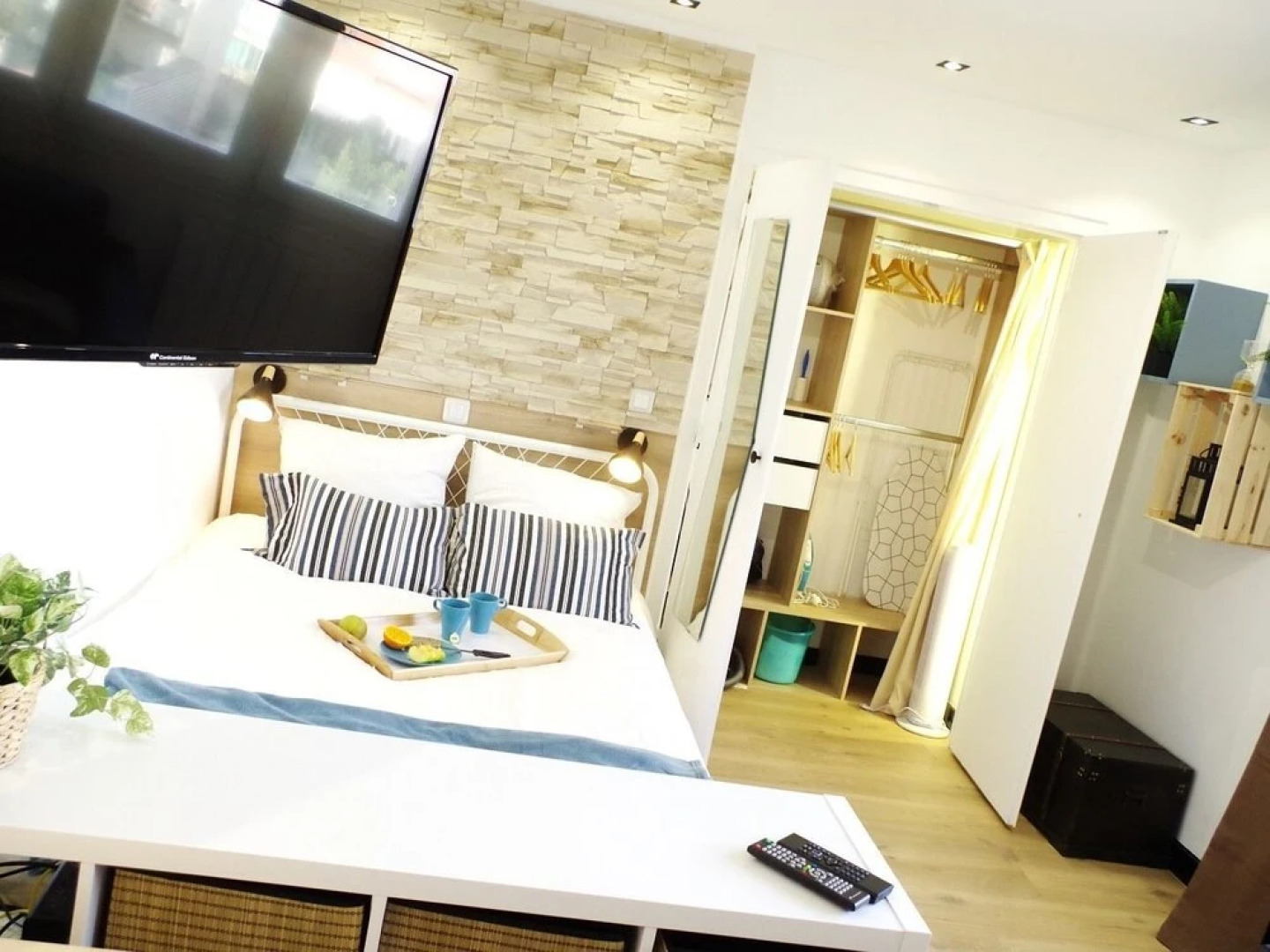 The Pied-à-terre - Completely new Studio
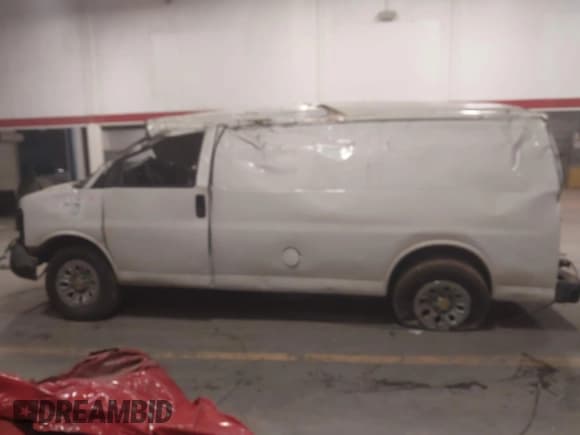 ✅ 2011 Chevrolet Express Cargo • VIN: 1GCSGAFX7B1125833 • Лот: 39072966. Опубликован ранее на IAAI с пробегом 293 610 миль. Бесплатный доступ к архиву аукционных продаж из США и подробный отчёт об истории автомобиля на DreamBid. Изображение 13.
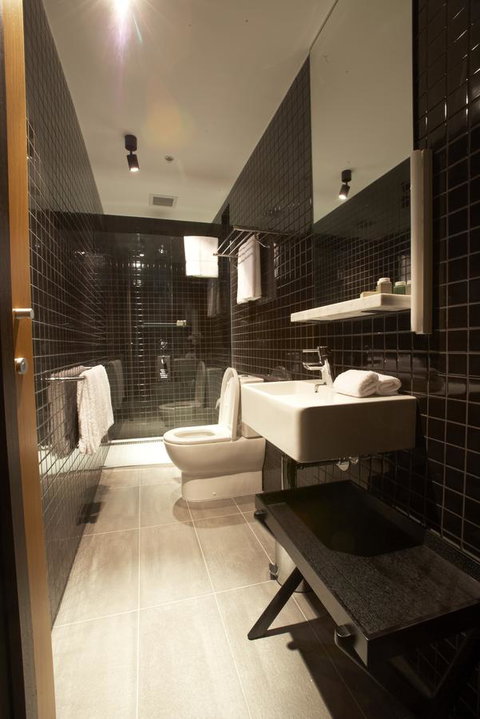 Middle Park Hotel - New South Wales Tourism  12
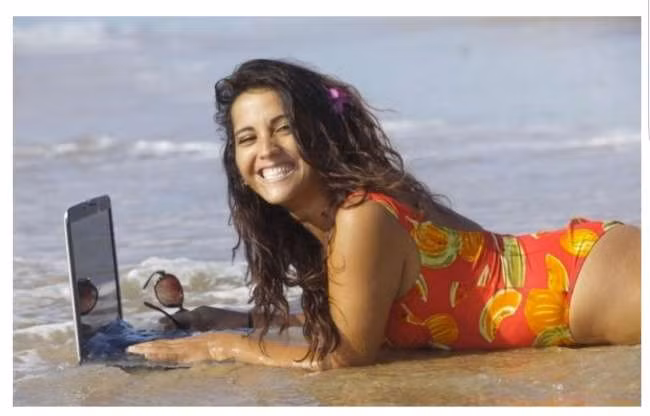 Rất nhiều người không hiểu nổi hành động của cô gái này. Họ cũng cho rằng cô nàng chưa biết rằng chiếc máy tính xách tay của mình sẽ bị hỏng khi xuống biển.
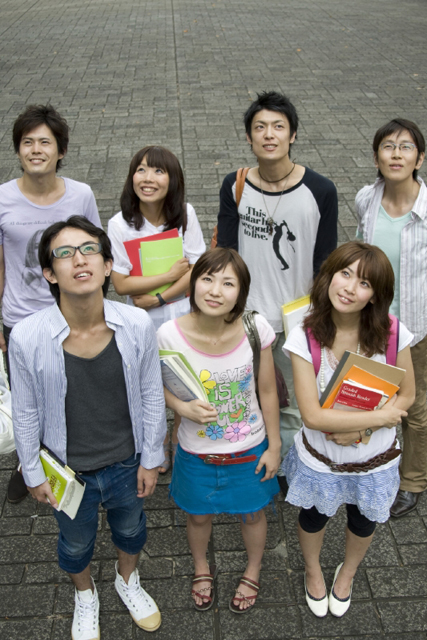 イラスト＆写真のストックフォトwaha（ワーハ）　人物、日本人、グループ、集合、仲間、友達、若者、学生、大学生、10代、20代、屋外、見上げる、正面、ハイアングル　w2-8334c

Task directions = Could you write out again, exactly, the lines from the line containing "Rất nhiều người" through the last line of the records above? Leave out the pictures.

Answer to this problem =
 Rất nhiều người không hiểu nổi hành động của cô gái này. Họ cũng cho rằng cô nàng chưa biết rằng chiếc máy tính xách tay của mình sẽ bị hỏng khi xuống biển.
 イラスト＆写真のストックフォトwaha（ワーハ）　人物、日本人、グループ、集合、仲間、友達、若者、学生、大学生、10代、20代、屋外、見上げる、正面、ハイアングル　w2-8334c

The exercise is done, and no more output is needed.